Problem description – Word for word, copy the records and drop the pictures.

Dataset records –
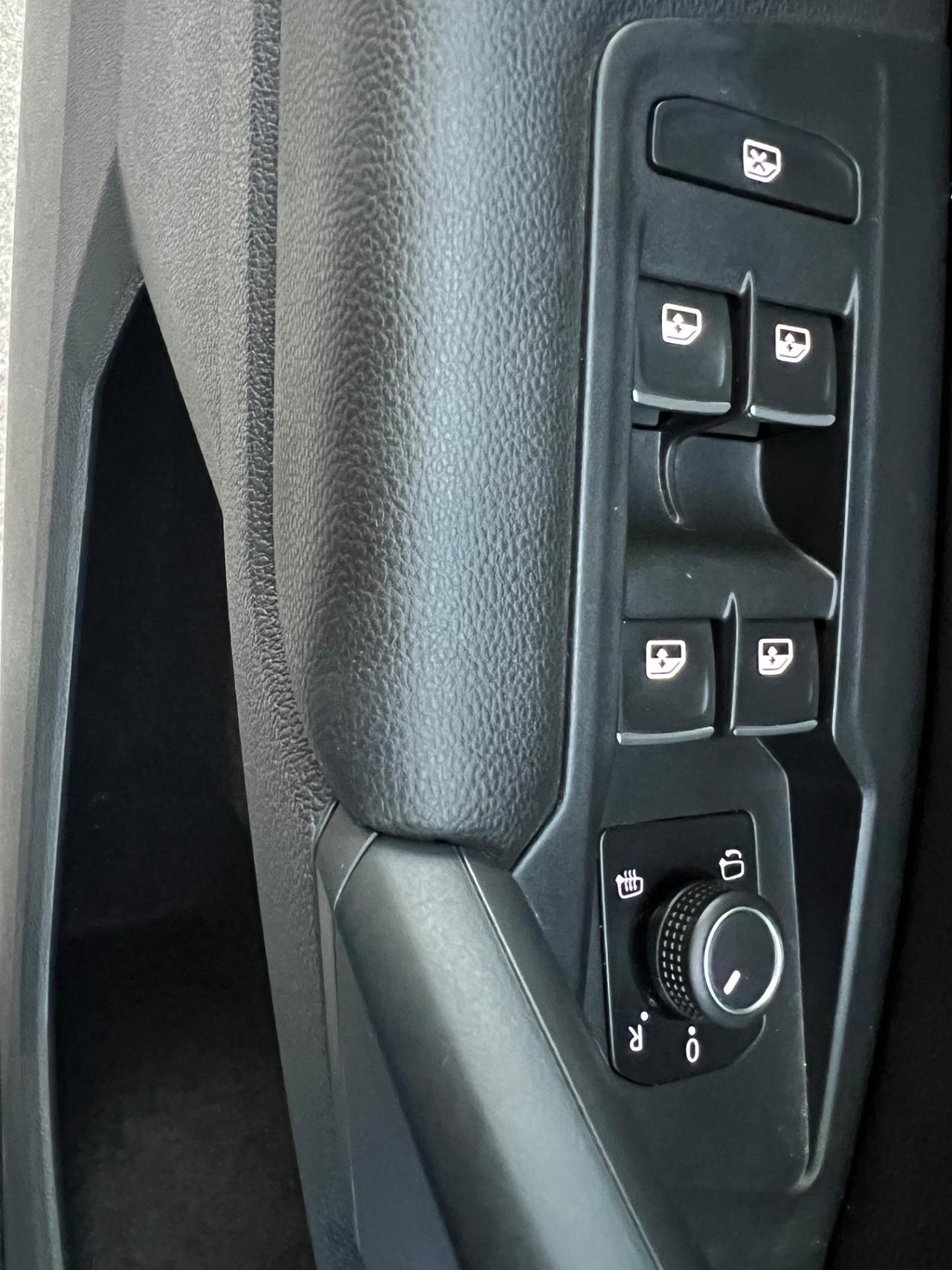 Volkswagen Tiguan 2.0 TDI 150 CV SCR DSG R-Line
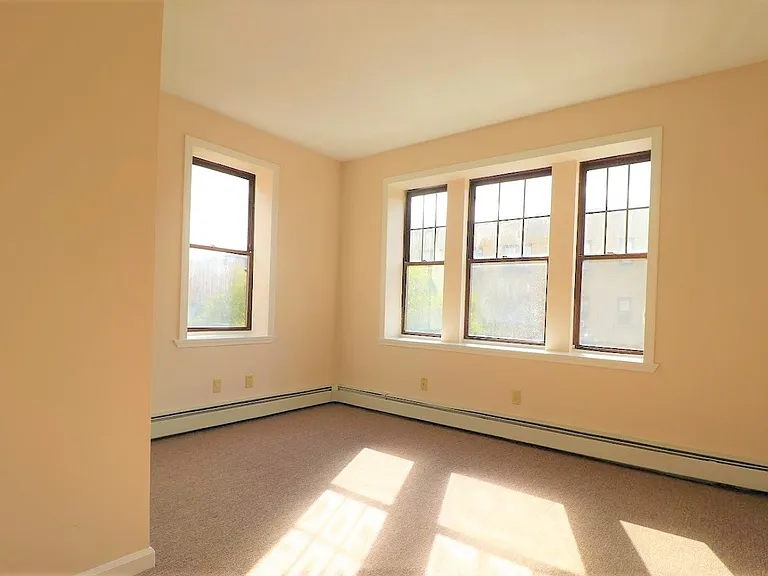 26 Congress St / Luca Investments LLC — Photo 1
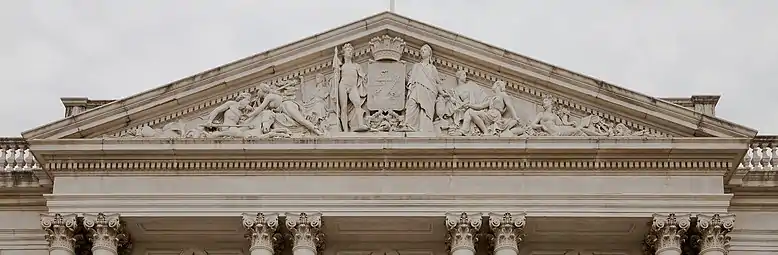 Fronton de l'hôtel de ville de Lisbonne.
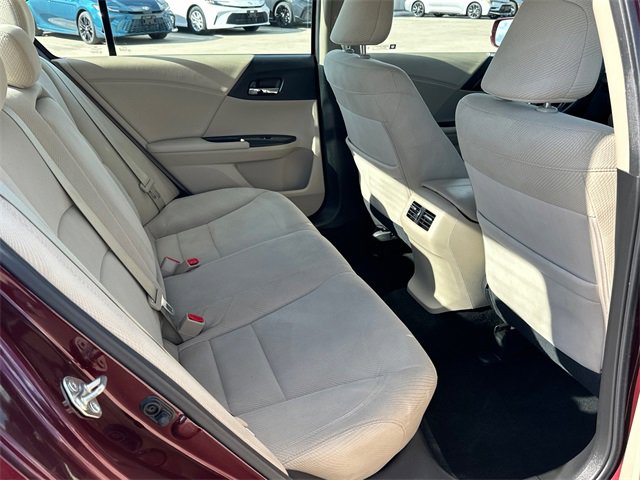 Used 2017 Honda Accord SE image 15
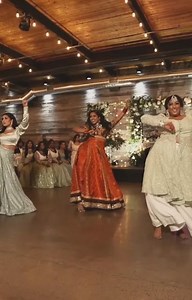 Jallaja Para | Choreography on Instagram: "|| Dholita || One of my favorite dances in the entire set 🥰 The song, elegance and movement 💕 Tip: Formations are key in any dance. Try to incorporate any movement/formations in your routine. It'll make it that much more entertaining! Song: Dholita from Loveyatri . . . #weddingdance #choreography #weddingchoreography #bollywood #reception #dancer #letsjalsa #uditnarayan #ayushsharma #warinahussain"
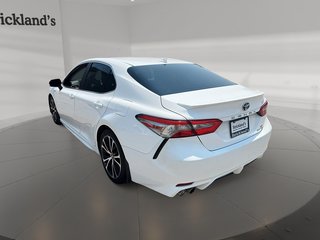 2018 Toyota Camry Hybrid SE CVT in Stratford, Ontario - 4 - w320h240px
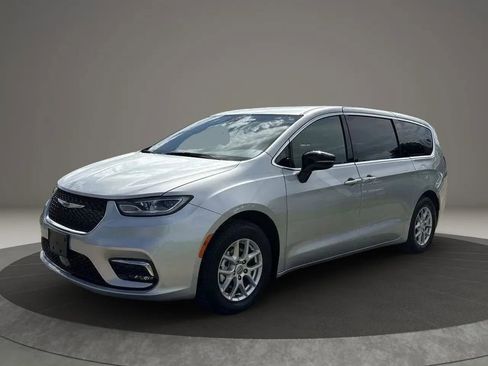 Used 2026 Chrysler Pacifica Select FWD image 1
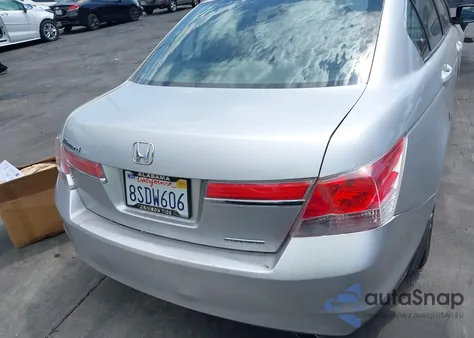 2012 Honda Accord 2.4 Se z USA, uszkodzony, nr VIN 1HGCP2F69CA023339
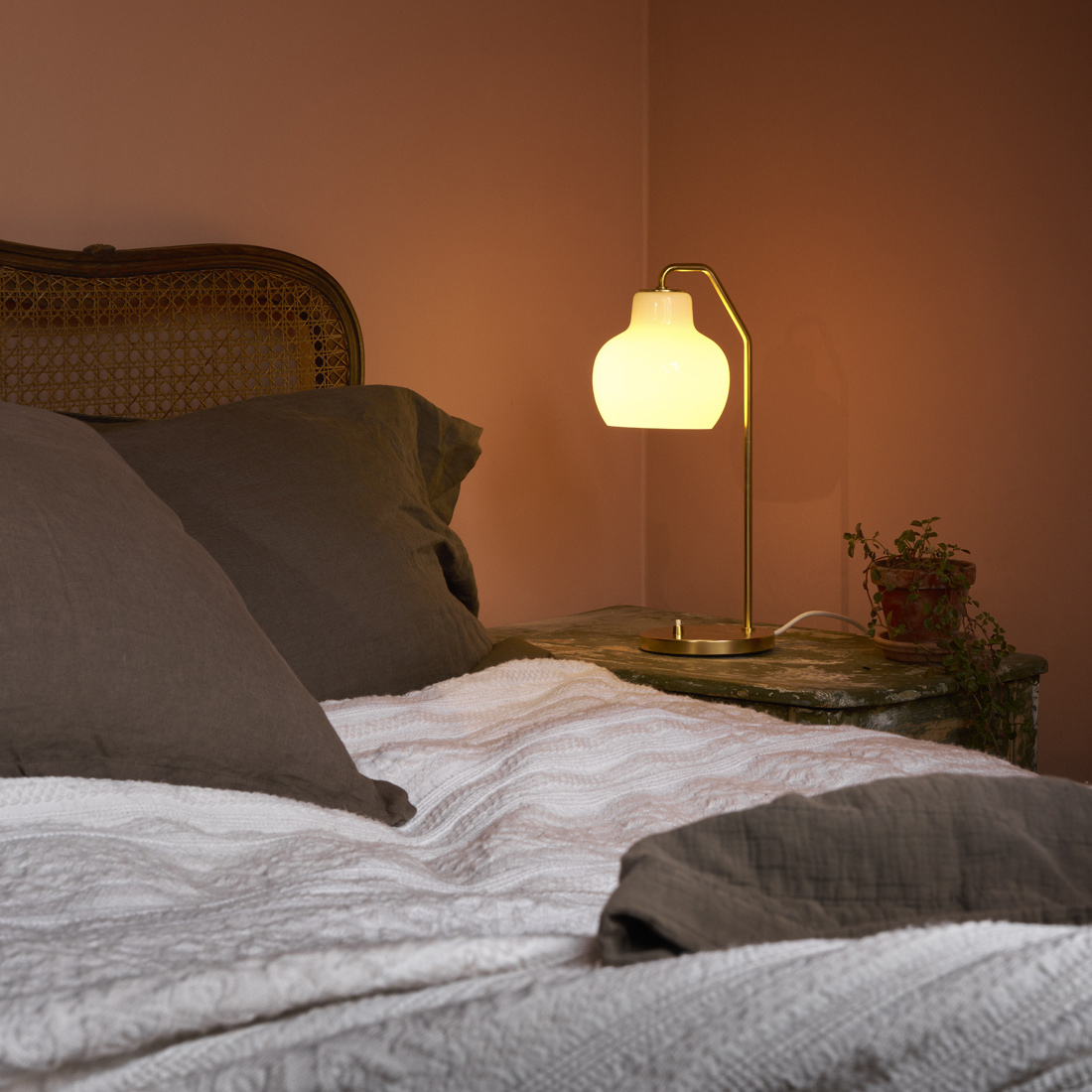 VL Ring Crown Table Lamp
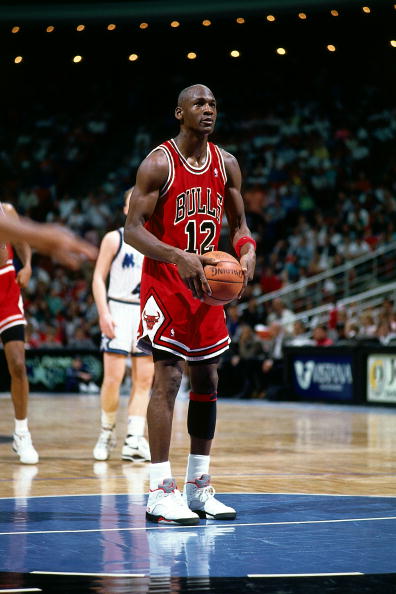 Tisti večer je moral Michael Jordan nositi številko 12. | Foto: Gulliver/Getty Images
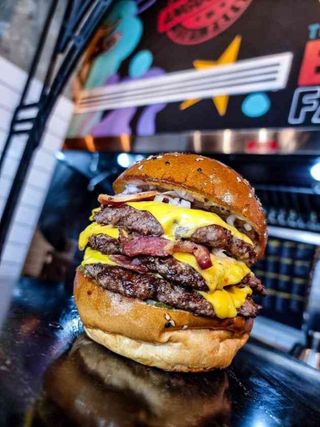 AMERICAN TRIPLE BACON CHEESEBURGER 500GR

Result of the exercise –
 Volkswagen Tiguan 2.0 TDI 150 CV SCR DSG R-Line
 26 Congress St / Luca Investments LLC — Photo 1
 Fronton de l'hôtel de ville de Lisbonne.
 Used 2017 Honda Accord SE image 15
 Jallaja Para | Choreography on Instagram: "|| Dholita || One of my favorite dances in the entire set 🥰 The song, elegance and movement 💕 Tip: Formations are key in any dance. Try to incorporate any movement/formations in your routine. It'll make it that much more entertaining! Song: Dholita from Loveyatri . . . #weddingdance #choreography #weddingchoreography #bollywood #reception #dancer #letsjalsa #uditnarayan #ayushsharma #warinahussain"
 2018 Toyota Camry Hybrid SE CVT in Stratford, Ontario - 4 - w320h240px
 Used 2026 Chrysler Pacifica Select FWD image 1
 2012 Honda Accord 2.4 Se z USA, uszkodzony, nr VIN 1HGCP2F69CA023339
 VL Ring Crown Table Lamp
 Tisti večer je moral Michael Jordan nositi številko 12. | Foto: Gulliver/Getty Images
 AMERICAN TRIPLE BACON CHEESEBURGER 500GR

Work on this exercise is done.